Officially overdue. I am starting to go nutso. I am honestly beginning to wonder if this baby girl is ever coming out.
It's funny how things come full circle. I remember when we were in the 2WW after our IVF, I was analyzing every single twinge, pain and hiccup. And now, waiting so desperately for labour to start, I find myself doing the exact same thing. "My back hurts - does this mean labour is starting? I feel nauseous - does this mean labour is starting? I think I felt a BH contraction - does that mean labour is starting?" And unfortunately, the answer thus far has been a resounding NOPE NOT YET.
I have to keep telling myself that no matter what, come hell or high water, my doctor won't let me go more than 10 days overdue, so I will be induced by August 27th. I just really hope it doesn't come to that as I understand that induction is not the best for the baby. I really want her to decide it's time to be born on her own. Like how about today? Today's good for me!

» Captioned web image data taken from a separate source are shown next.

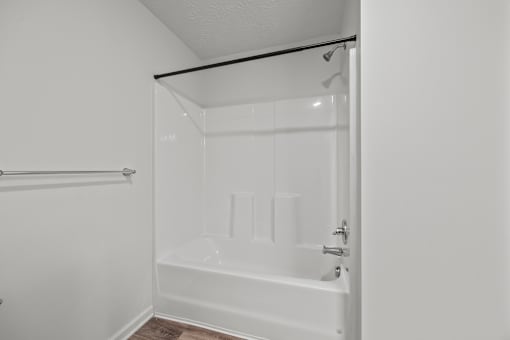A white bathroom with a bathtub and a towel rack.
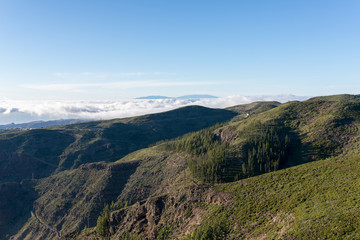 Fototapeta na wymiar Sunset in the highlands of La Gomera. View direction Valle Gran Rey. In the background the Island La Palma. Clouds from trade winds over the mountains on La Gomera. The clouds comes from the Azores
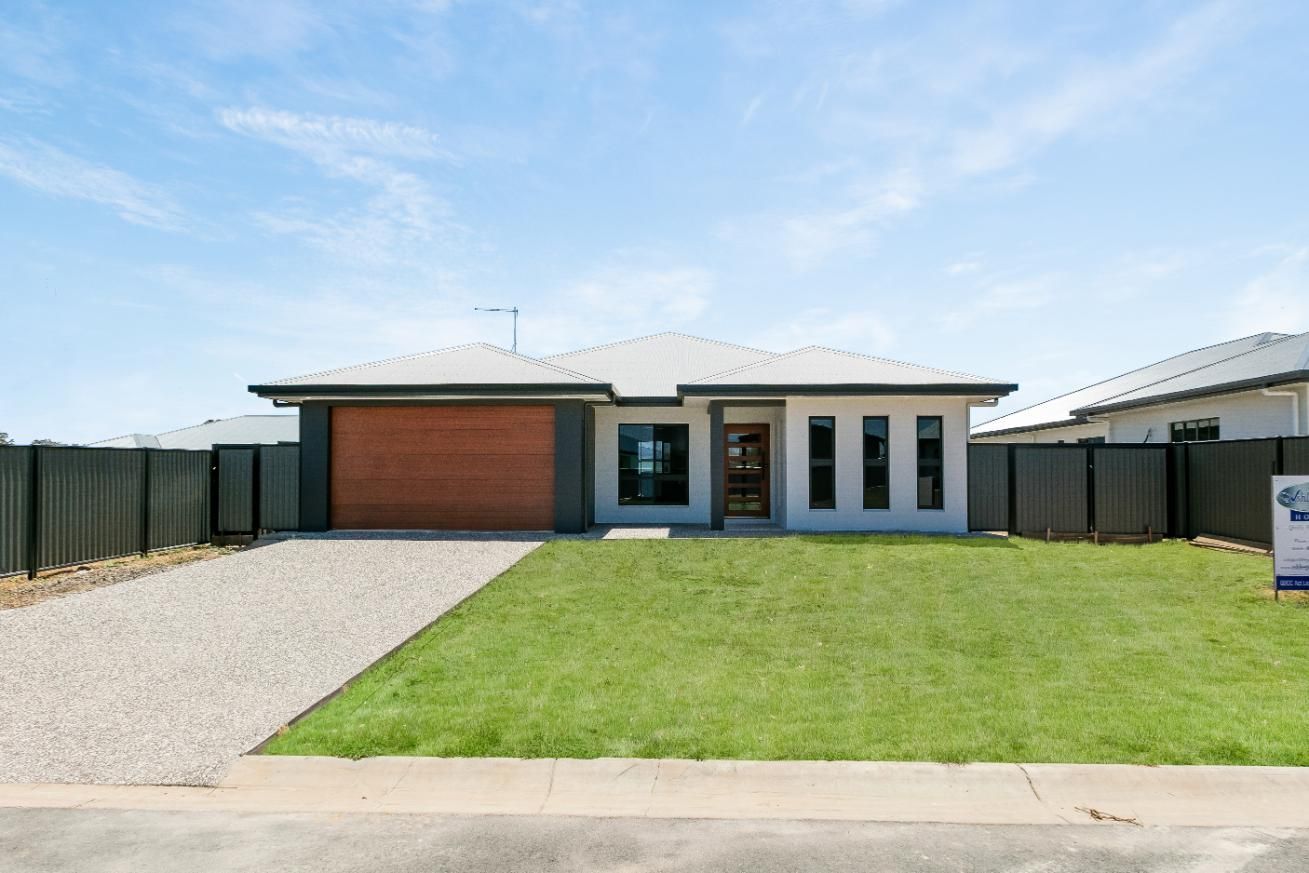 A House With a Large Lawn in Front of It is for Sale — Ashlee Jones Homes in Gordonvale, QLD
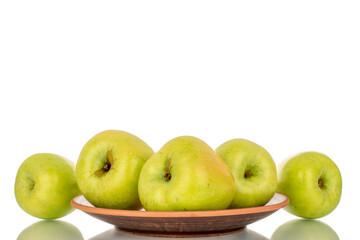 Several sweet green apples with a clay plate, close-up, isolated on a white background.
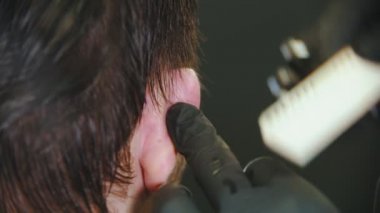 Berber genç adam kesiyor müşteriler ıslak saçlarını kulaklarının arkasına sokuyor.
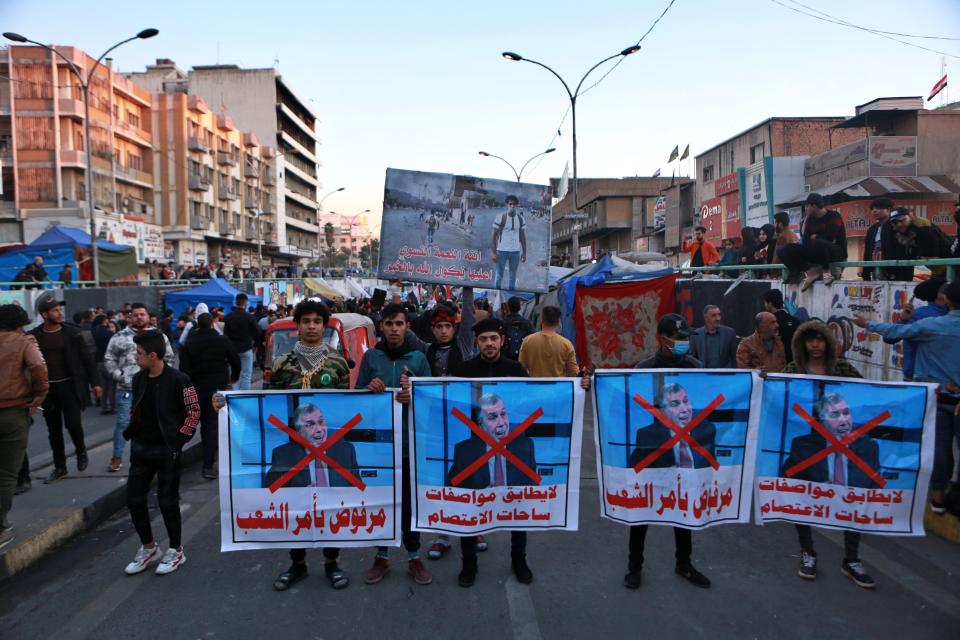 Protesters chant slogans while holding defaced posters in the bottom of newly appointed Prime Minister Mohammed Allawi with Arabic that reads, "Rejected by the people" and "He does not match the specifications of the sit-up squares" during a demonstration in Tahrir Square, Baghdad, Iraq, Sunday, Feb. 2, 2020. Anti-government demonstrators in Iraq rejected Sunday the new prime minister-designate who was recently nominated by rival government factions. Demonstrators have long swore they would not accept a candidate chosen by Iraq's establishment. (AP Photo/Khalid Mohammed)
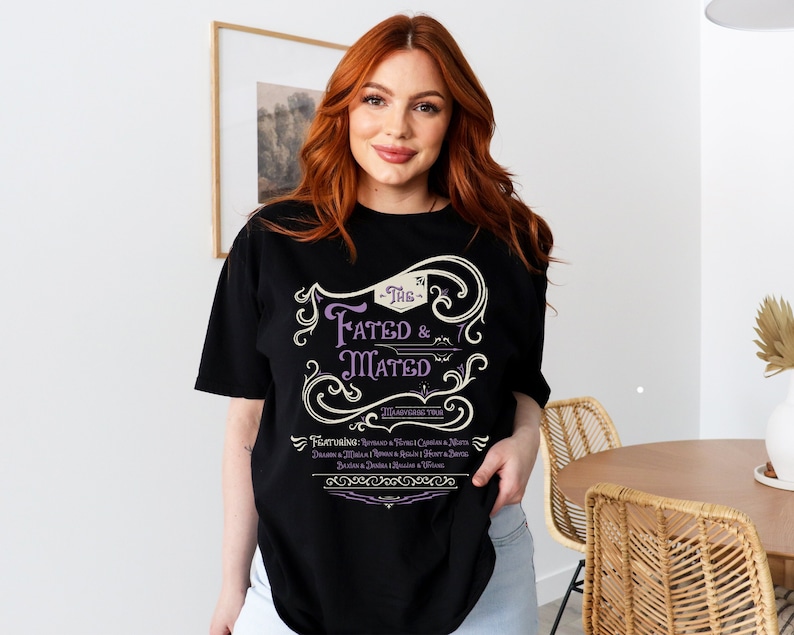 A woman wearing a black shirt that says The Fated and Mated Maasverse Tour.This is accompanied with white swirls and whirls, and other embellishments. Then it has a featuring section underneath with names from SJM books.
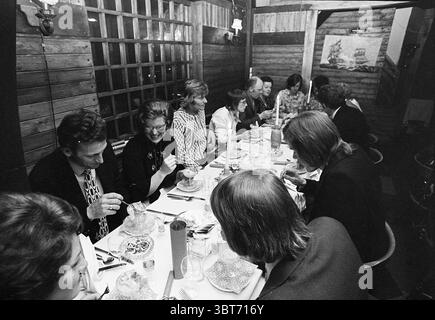 Célébration anniversaire etc, Whizgle News, Dutch Desk, pays-Bas, 1950 - 2000 le 04-1974. L'image inclut ces rubriques. La scène capture un rassemblement animé autour d'une longue table à manger, situé dans un espace chaleureux et rustique caractérisé par des boiseries et un éclairage tamisé. La table est ornée de vaisselle blanche aux motifs délicats, créant un contraste avec la surface en bois sombre. Engagé avec enthousiasme dans la conversation, un groupe diversifié de personnes occupe les deux côtés de la table. Ils sont habillés en tenue formelle, avec beaucoup de blazers et de robes qui contribuent un air de sophisme Banque D'Images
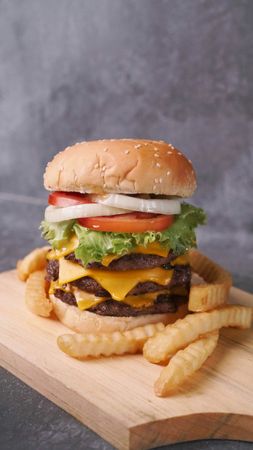 Gourmet Cheeseburger and Fries on Cutting Board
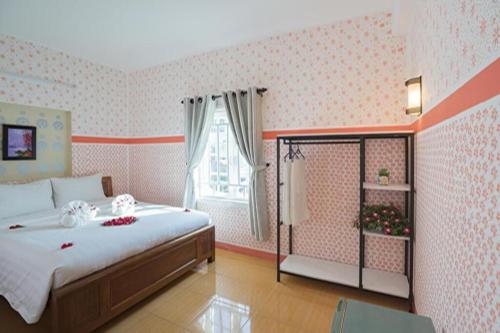 - une chambre avec un grand lit et une fenêtre dans l'établissement Cua Dai Beach Homestay, à Hội An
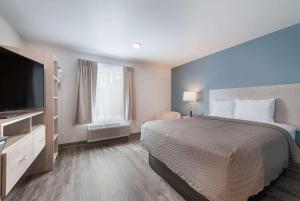 ein Hotelzimmer mit einem Bett und einem Flachbild-TV in der Unterkunft WoodSpring Suites Concord-Charlotte Speedway in Concord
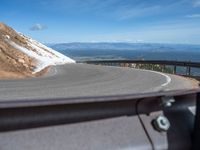 a man is riding his bike down a mountain road with snow and rocks in the background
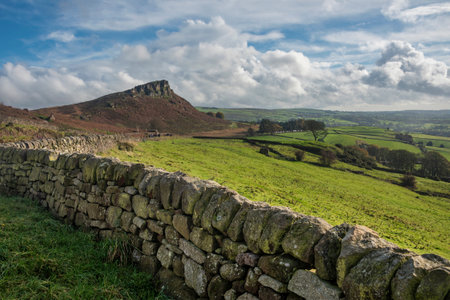 Beautiful wide vista landscape image of English countryside in Peak District National Parkの写真素材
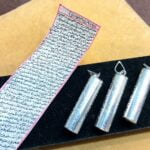 حرز امام جواد (ع) دست نویس روی پوست آهو اصل همراه با قاب نقره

Yesterday I went to West Vancouver with my parents to visit my 93-year-old aunt and then go for lunch and a walk. The trip was unbearably hot in the car, and while I appreciated the chance to get my mind of things, I was really uncomfortable. Our walk had to be short because I was having so much pelvic pressure that it was actually painful to be walking around. I took that as a good sign.
I suppose this desperation to get things moving is Mother Nature's way of making labour - probably the most painful experience a woman can endure - sound appealing. You'd think I'd be more scared of pushing something the size of a cantaloupe out of my vagina, but here I am looking forward to it big time. Bring it on!